2. Translate Biomarkers Into Actionable Insights
Secondly, you should consider leveraging these digital biomarkers to understand what metrics your device should be capturing in order to create actionable insights for patients. Because these tools gather months’ and even years’ worth of continuous data from the user, understanding the user’s baseline biomarkers is vital to creating actionable insights and developing preventative health measures or interventions. Further, passive at-home monitoring tools continuously monitor the patient and collect longitudinal data, which offers invaluable information to better understand, detect, and manage diseases. For example, blood pressure measurements can be indicative of cardiovascular risk. This biomarker could also be used to gather additional insights by linking blood pressure to depression.
As consumer-facing health products become more accessible and supported by physicians, the products collect and analyze even larger amounts of data from diverse patient populations. Scientifically proven correlations between data and health outcomes can be leveraged to alert users to take precautionary steps or to contact a healthcare professional for high-risk conditions. Our earlier Apple Watch example is an example: It has an irregular rhythm notification feature identifying an irregular rhythm suggestive of atrial fibrillation and the feature confirms the data with multiple readings.
Biomarkers and various data inputs enable organizations to demonstrate real-world value and present the opportunity for more accurate and timely interventions at the onset of symptoms. With such a diverse patient population, generic recommendations will likely not work for all patients.
3. Use AI For Ongoing Monitoring And Patient-Specific Recommendations
Lastly, by combining various types of data elements from physiological and behavioral factors, recommendations can be patient-specific by understanding how their behavioral inputs effect their physiological response. To do this, you may leverage artificial intelligence (AI) to monitor longer-term trends in wellness monitoring, allowing for highly personalized recommendations for improved health outcomes.
For example, when a patient is diagnosed with congestive heart failure (CHF), minimal weight gain (~2–3 pounds) can indicate critical changes in fluid retention, which may be an initial sign of heart failure. A remote monitoring scale that leverages AI and Internet of Things can log and assess changes in a patient’s weight. This data can detect the small variance in weight and automatically notify the on-call physician, therefore preventing hospitalization or worse.
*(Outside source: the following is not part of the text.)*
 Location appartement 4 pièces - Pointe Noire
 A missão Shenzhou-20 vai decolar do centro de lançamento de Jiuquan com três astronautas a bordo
In conclusion, if you are creating at-home monitoring products and tools, you’ll need to find novel ways to utilize data and create actionable insights that enable patients to change their behaviors. In turn, this will lead to better health outcomes. With the right technology and processes in place, these products can provide information to patients that enable more effective programs and optimized care. Leveraging patient data is no small feat, but it’s the future of healthcare.
This article first appeared in Med Device Online and published on PA Consulting blog.